Guess I believe in over kill...I use an IQ sight...5/16 peep and a kisser....but will shoot 2.5 inch groups at 50 yards. I practice out to 60 yards regularly, and would be more than comfortable shooting deer at 40.

Sent from my DROID RAZR using Ohub Campfire mobile app


----------



## leland.69 (Feb 22, 2010)

NASP shoots don't allow them. And those kids can shoot some of the tightest groups you'll see. But they practice their butts off. My boys shoot for Hartlands school team and some of those kids are rated top five in the world. No aids of any kind. But like I said they pratice pratice pratice.


Sent from my SPH-D710 using Ohub Campfire mobile app


----------



## kneedeep (May 30, 2008)

leland.69 said:


> NASP shoots don't allow them. And those kids can shoot some of the tightest groups you'll see. But they practice their butts off. My boys shoot for Hartlands school team and some of those kids are rated top five in the world. No aids of any kind. But like I said they pratice pratice pratice.
> 
> 
> Sent from my SPH-D710 using Ohub Campfire mobile app



Have you ever thought about getting them into a JOAD program or shoot FITA? If there that good they could do really well on a bigger stage. I would love to see more kids take this program up. It is really blowing up and there are alot more youth shooting at FITA shoots then ever. We take some of our kids to compete and they have a blast and we all love meeting new people at them.


----------



## leland.69 (Feb 22, 2010)

Some of them do shoot other shoots but not sure which ones. NASP is pretty big. This year one of Hartlands shooters made the all American team and went to South Africa to shoot against other nations. Our coach was chosen to lead the team. Plus Hartland offers varsity letters for archery. Nationals last year in Kentucky was the largest shoot in world record history. Sorry for highjacking the thread..

Sent from my SPH-D710 using Ohub Campfire mobile app


----------



## Alan454 (Sep 20, 2010)

johndeere506 said:


> I have been shooting without a peep for a few years. My draw was too long at 29, now Im at 28 which helps. I still think it needs to be shorter, maybe 27.5 or even 27. I think this may be causing some inconsistency for me, especially with no peep sight.
> Has anyone used the Hind Sight or the IQ Retina lock?

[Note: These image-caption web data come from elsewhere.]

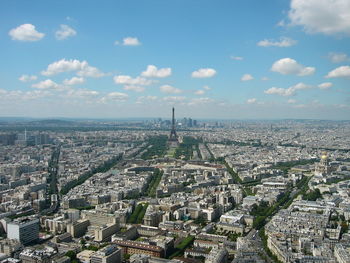 High angle view of eiffel tower amidst city against sky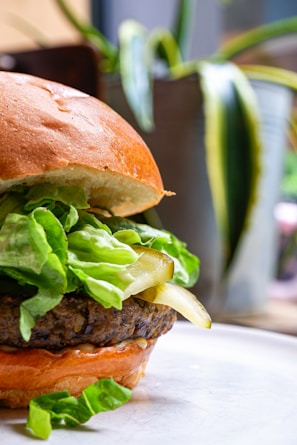 Close-up of a vibrant veggie burger with fresh lettuce, tomato, and a toasted bun on a rustic wooden table.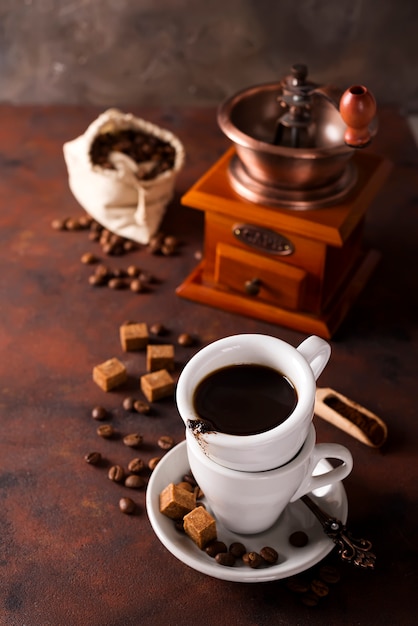 Tasse dampfenden heißen Kaffee mit Kaffeebohnen, Kaffeemühle und Kaffeebohnentasche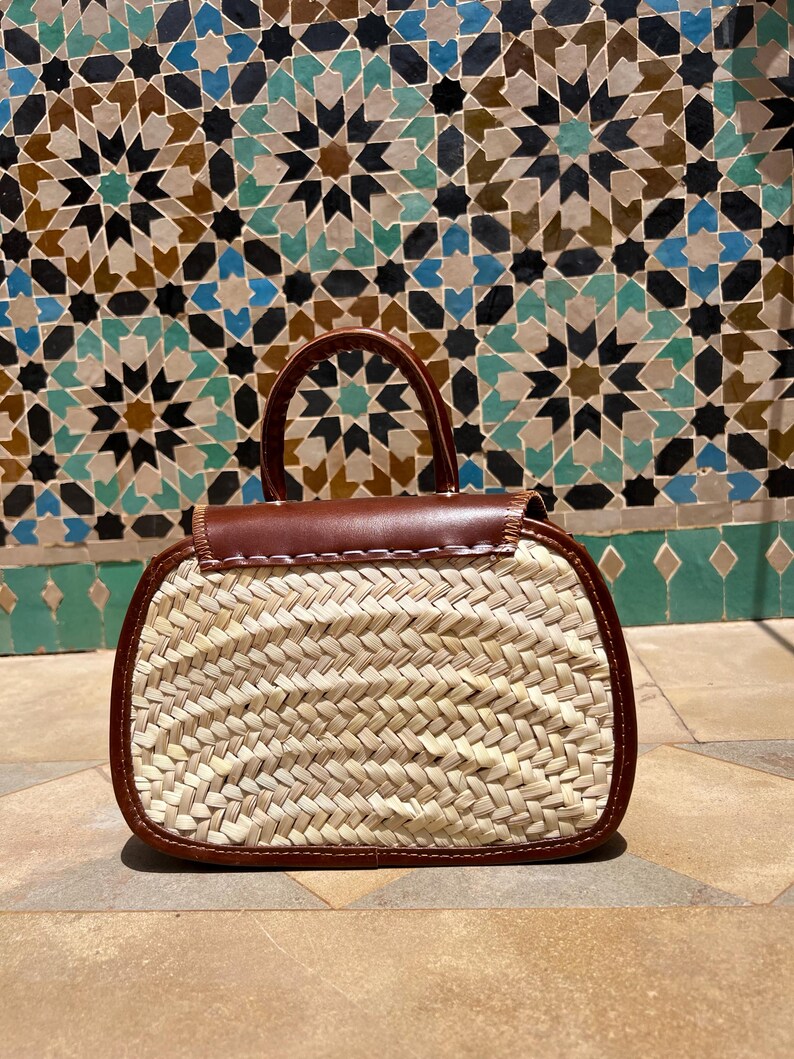 May include: A woven straw handbag with a brown leather top and trim. The bag has a small handle and a rectangular shape. The background features a mosaic tile wall with geometric patterns in shades of blue, brown, and green.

Im not sure but my groups may improve once I get the right draw length?
> My issues are with shooting from 30 plus yards, under that Im ok.



I highly recommend the anchor sight. They can be a bit of a hassle to set up but I shoot MUCH more consistent with it then I ever could before with a peep. It shows you if your are torque the bow or if you have inconsistent anchor points. It also gives me a few more minutes of critical shooting time before dark. Check them out. archeryinnovations.com


----------



## Tourman (Sep 24, 2013)

Alan454 said:


> I highly recommend the anchor sight. They can be a bit of a hassle to set up but I shoot MUCH more consistent with it then I ever could before with a peep. It shows you if your are torque the bow or if you have inconsistent anchor points. It also gives me a few more minutes of critical shooting time before dark. Check them out. archeryinnovations.com


1st off if you have bow torque issues those hind sights only show you the error they do not fix it, you can not torque the bow back while in full draw and achieve maximum accuracy its just not possable!
The torque is generated by poor hand placement on the bow handle, to learn to eliminate it tuck in 3 fingers as you place your hand on the risor, that will keep your hand position out so the pressure is not on the palm but the thumb!
All practice is so when your at the moment of truth you dont have to think about the action but simply execute, so shoot and shoot and shoot, its the only way to learn!


----------